The focus of this statement is:
the intersection between cardiovascular disease (CVD) and breast cancer. CVD includes heart failure, myocardial ischemia (reduced blood flow to the heart) and hypertension. This review highlights the need for interdisciplinary care that combines cardiology and oncology.
- There is a significant overlap of cardiovascular disease and breast cancer.
- CVD is the leading cause of death in women. CDC data shows that 47.8 million women in the United States had CVD in 2014, resulting in 1 in 3.3 deaths. Breast cancer affects 3.32 million women, resulting in 1 in 31.5 deaths annually. CVD is notably higher in older, postmenopausal breast cancer survivors than in postmenopausal women without breast cancer. This is partially due to the detrimental impact of some breast cancer treatments on heart health.
- Cardiovascular disease and breast cancer have overlapping risk factors.

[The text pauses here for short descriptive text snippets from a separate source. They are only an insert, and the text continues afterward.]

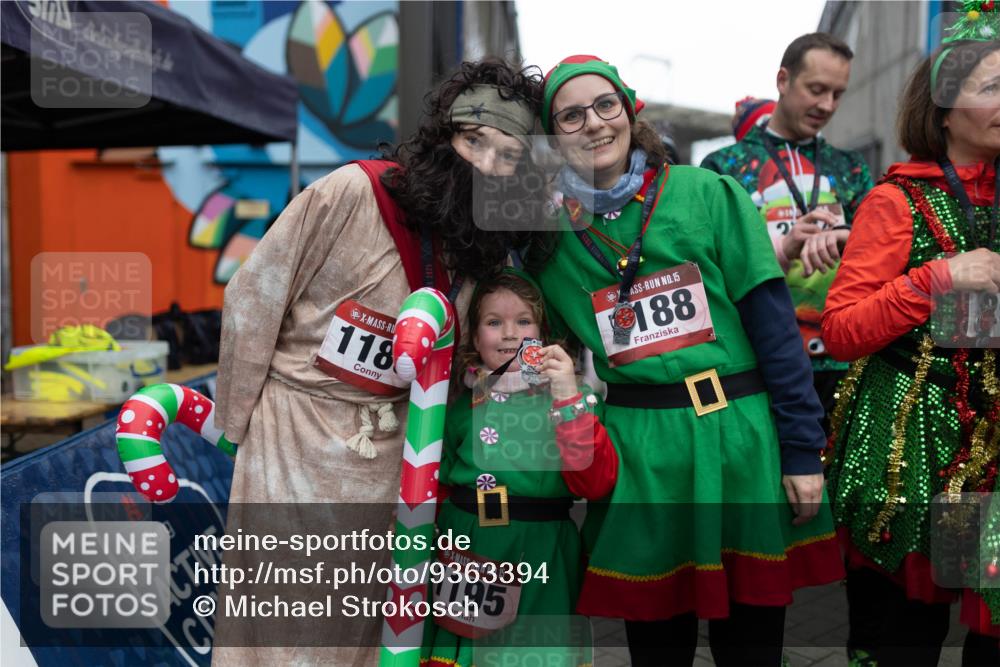 07.12.2025 - St. Pauli X-Mass-Run No. 15 Michael Strokosch http://msf.ph/oto/9363394 07.12.2025 11:50:14 Laufen 118, 15, 1195, 5202, 8383730, 15, 188 meine-sportfotos.de
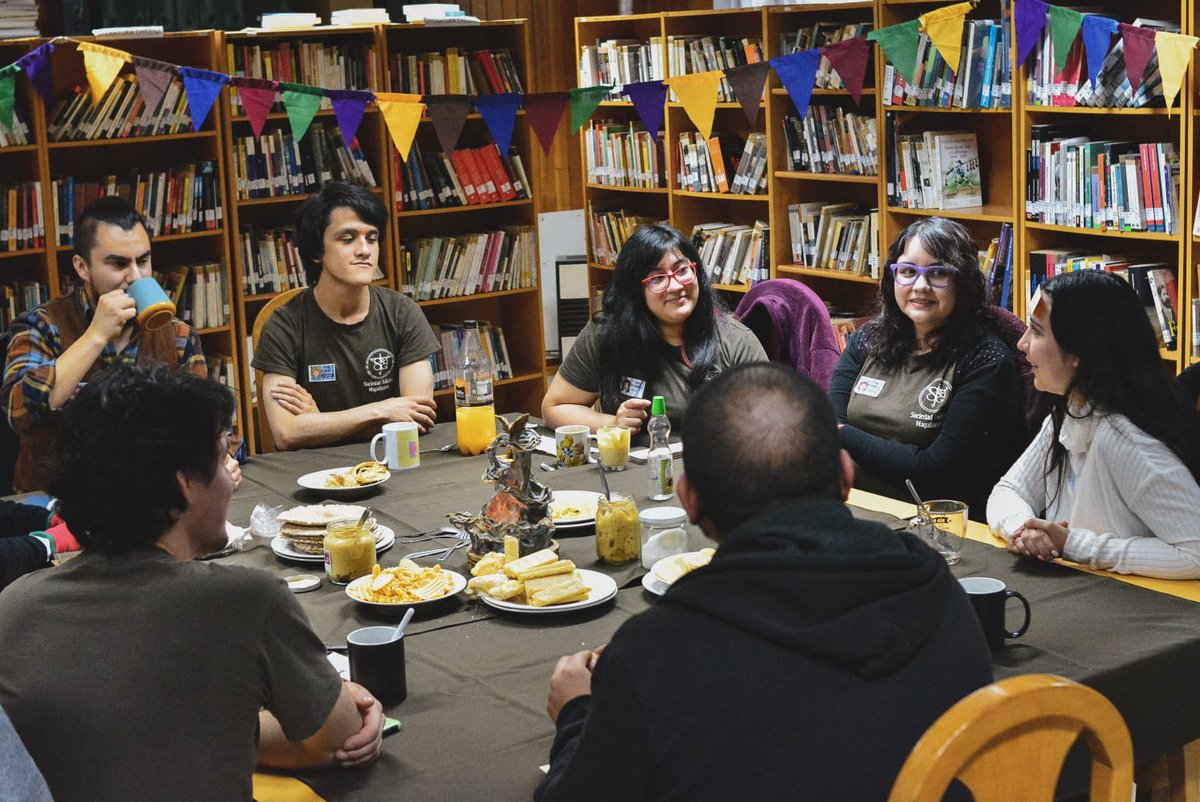 Este fin de semana realizamos la recepción a nuevos y nuevas integrantes que se incorporan a nuestra Sociedad Tolkien. Fue una grata tarde otoñal de conversaciones en torno a la literatura del profesor Tolkien acompañada con algunos juegos y dinámicas.
¡Bienvenidos/as!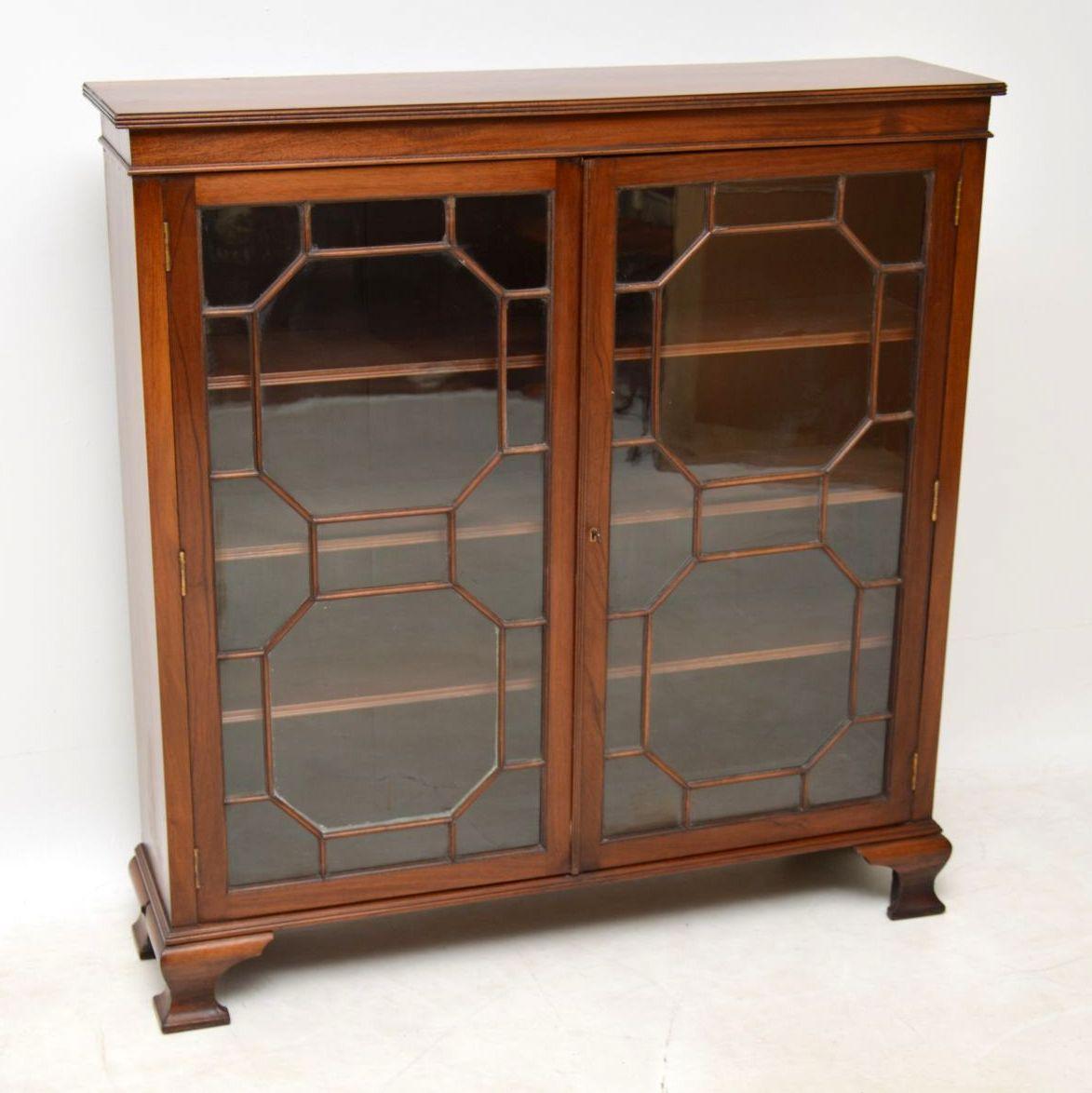Antique Edwardian Mahogany Two-Door Bookcase In Good Condition In London, GB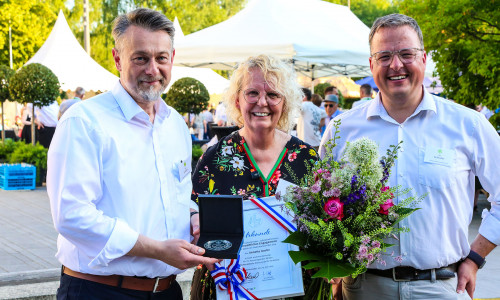 Ivica Lukanic und Jan Schröder mit der Geehrten Annette Goslar.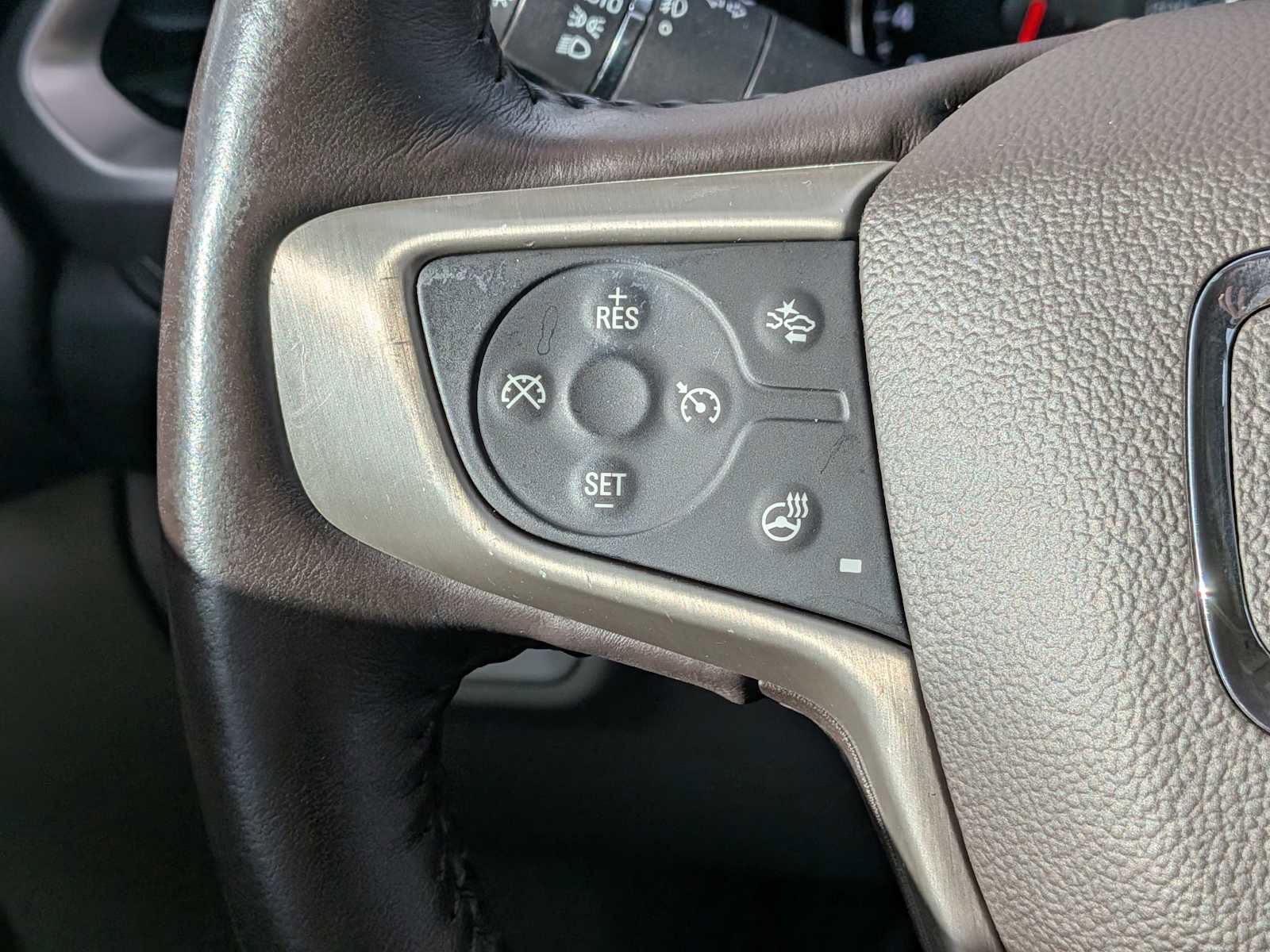 Used 2017 GMC Acadia Denali w/ Technology Package image 25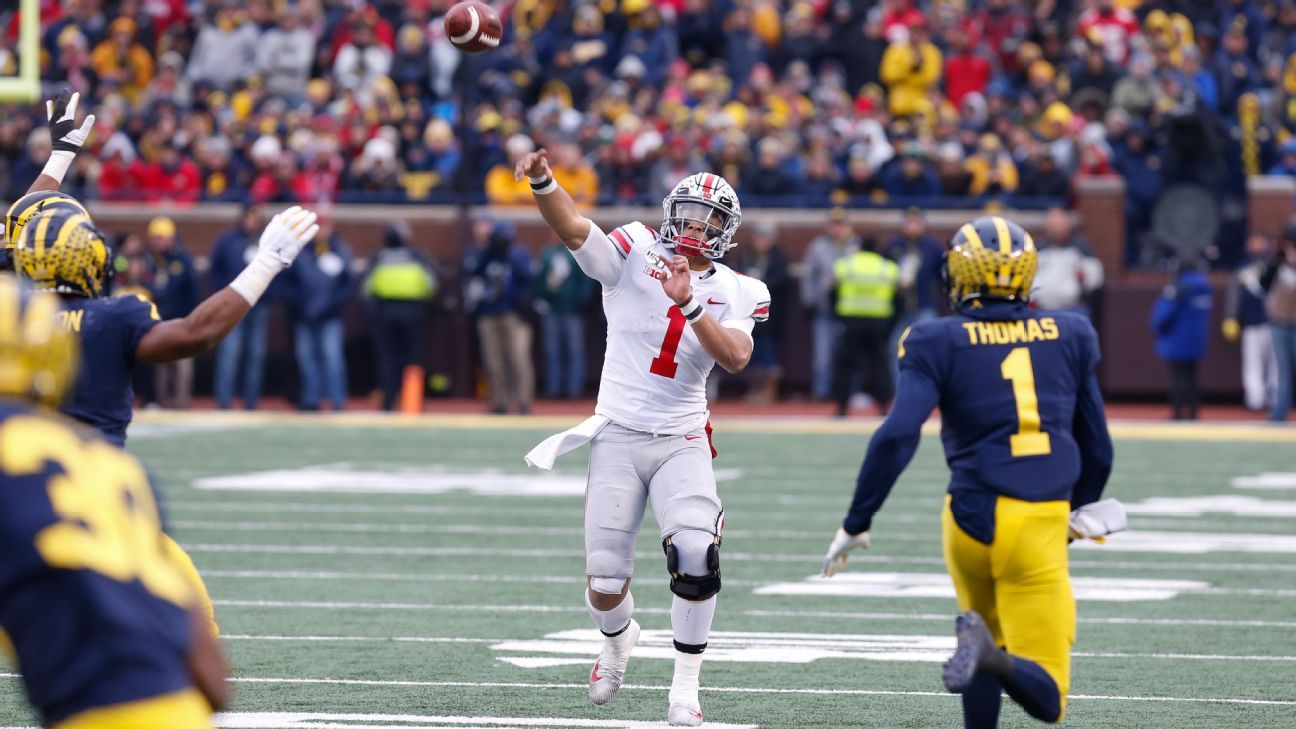 Ohio State Qb Justin Fields Named Big Ten Offensive Player Of The Year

- More than 80% of cardiovascular disease is thought to be preventable by modifying risk factors, although to what extent is unknown. CVD and breast cancer share several major risk factors, including diet, alcohol intake, physical activity, sedentary lifestyle, weight, age and use of postmenopausal HRT. While several genetic risk factors for breast cancer have been identified, no major gene mutations account for the majority of cardiovascular disease.
- Known factors that affect risk for both conditions include:
- A healthy diet protects against CVD and breast cancer.
- In the Nurses’ Health Study (NHS), participants who maintained a diet that was high in vegetables, fruits, poultry, fish, low-fat dairy and whole grains were compared to those who had a predominantly "Western diet" that was high in red or processed meats, refined grains, sweets and high-fat dairy.
- Alcohol intake may increase breast cancer risk and, in moderation, may slightly decrease cardiovascular disease risk.
- Less than 1 drink per day decreases the risk for CVD.
- Any alcohol consumption increases the risk for breast cancer.
- A sedentary lifestyle can impact CVD, breast cancer risk and overall health.
- About 150 minutes of moderate exercise per week is recommended for all Americans. Physical activity provides numerous health benefits, including reduced risks of CVD and breast cancer—an increased level of exercise reduces CVD risk even further. Studies also show that moderate to vigorous physical activity is associated with decreased breast cancer risk. People who report high lifetime physical activity have significantly fewer deaths from breast cancer. Consistent exercise is also important for young previvors: the Nurses’ Health Study showed that physical activity at 14-17 years of age correlated to a 15% lower risk of premenopausal breast cancer.
- A sedentary lifestyle—sitting or lying down with limited whole body movement for more than 10 hours a day, whether or not you also engage in moderate to vigorous physical activity in the remainder of your day—is detrimental to overall health. Sedentary behavior is associated with an 18% increased risk of CVD and an 80% increased risk of breast cancer, even in people who otherwise engage in moderate to vigorous activity. Simply exercising sufficiently is not enough.
- Reducing sedentary behavior and increasing physical activity reduce the risk of breast cancer.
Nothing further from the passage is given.